One of the more interesting changes that I've noticed about my life in the last 20 years is the lower frequency of situations where I'm experiencing something intensely emotional. The thing that reminds me of this the most is music. A song comes up and I'm transported to that time.
In fact, I'm surprised how much I can lose myself in a song, playing loud, making me feel intensely happy. When is the last time you just closed your eyes and rocked out to something? It's such a liberating feeling. Granted, I suspect I connect emotionally with music in a stronger way than others, but I can't imagine others don't have the same experience.
I have had a lot of emotionally intense experiences in recent years, because I have a child. Some of them are the negative "lose my shit" moments, but mostly it's smiles. I mean, when this little human you made does something cute, or says, "I love you Daddy," when he goes to bed, how can that ever get old? There's nothing else like it.

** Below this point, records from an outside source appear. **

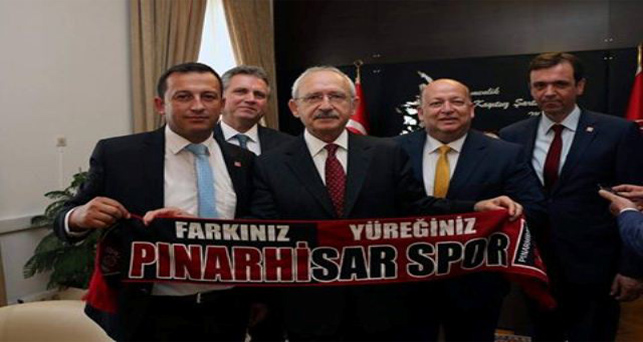 Kılıçdaroğlu’na Pınarhisarspor’un şalını hediye ettiler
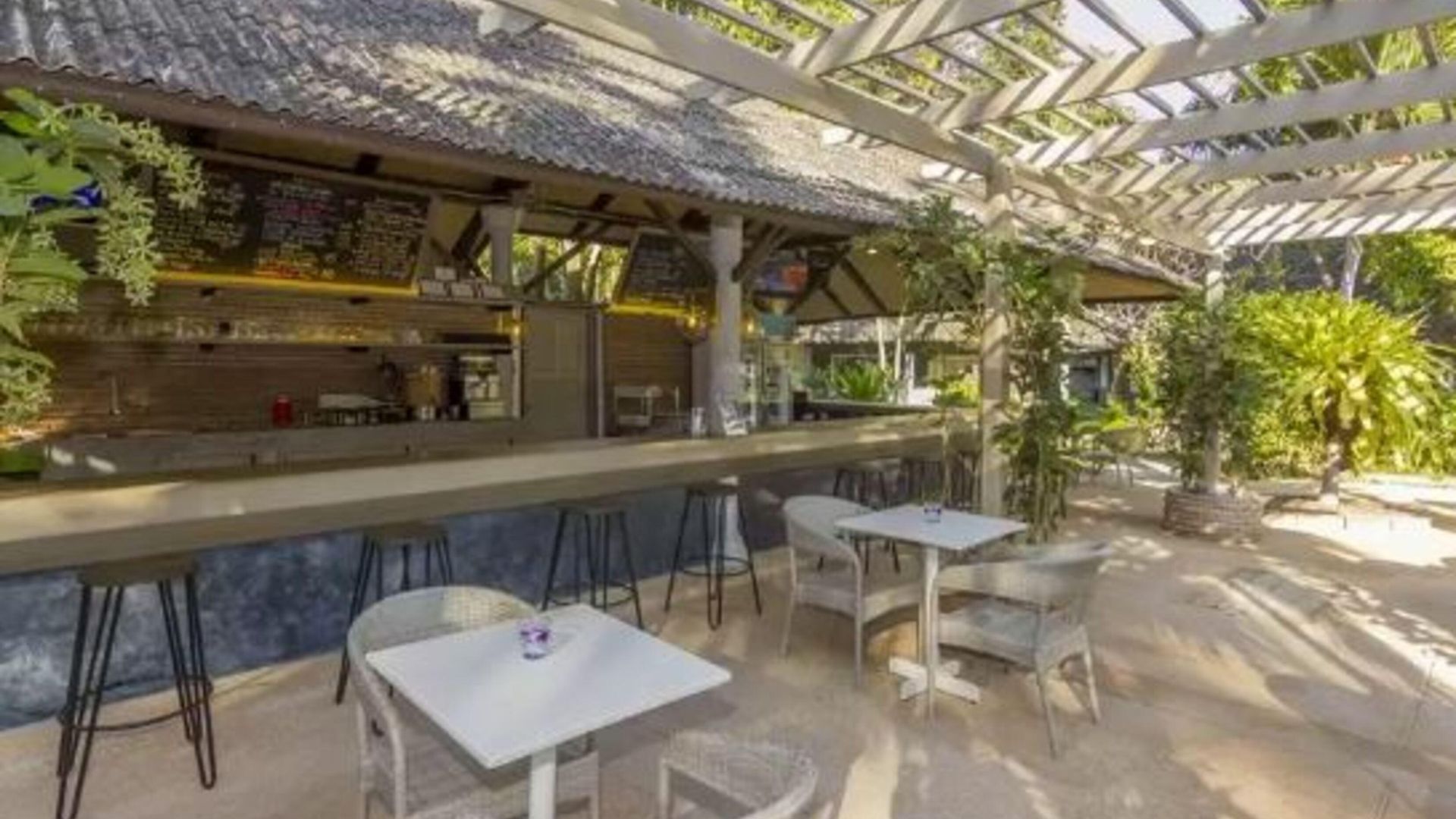 Let's Hyde & - Pool Pattaya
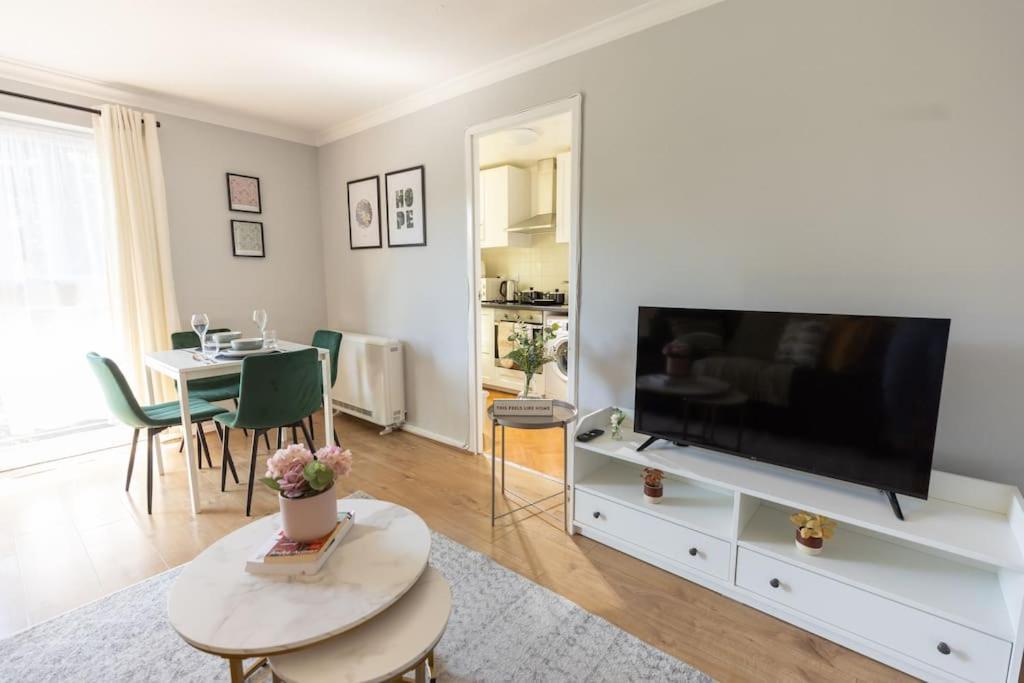 Appartement Tranquil 2 Bed Near Downtown & Free Parking Londen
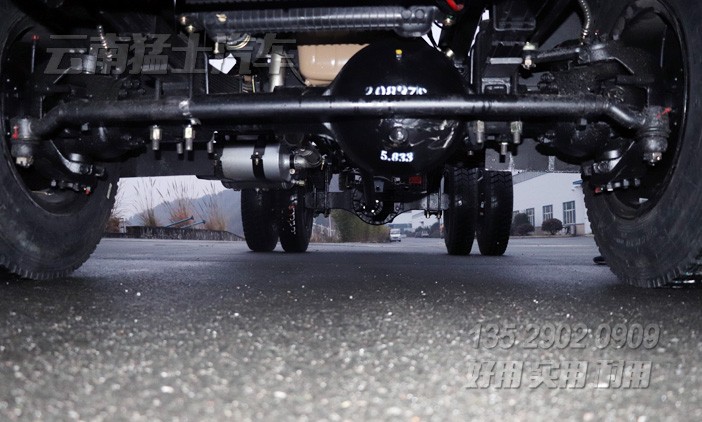 東風(fēng)四驅(qū)多利卡底盤,小四驅(qū)輕卡底盤,輕型卡車底盤,4*4越野專用車底盤,城鄉(xiāng)運(yùn)輸車,東風(fēng)小霸王越野車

So when I say there are fewer intensely emotional moments in my life, I should be clear that it's the negative instances that I've largely managed to avoid. I think about my teenage years and my 20's, when everything was dramatic, and that sucked. I stay away from people who bring drama and bullshit into my life, because it's just not worth it. Not everyone does this, unfortunately. I think some people thrive on intense drama.
When you cut down on the negative, there's more room for the positive. Intensely emotional and positive stuff feels fantastic. I think as we go through life we strive to focus on the logical and rational things, but the intense emotional stuff is what makes us human.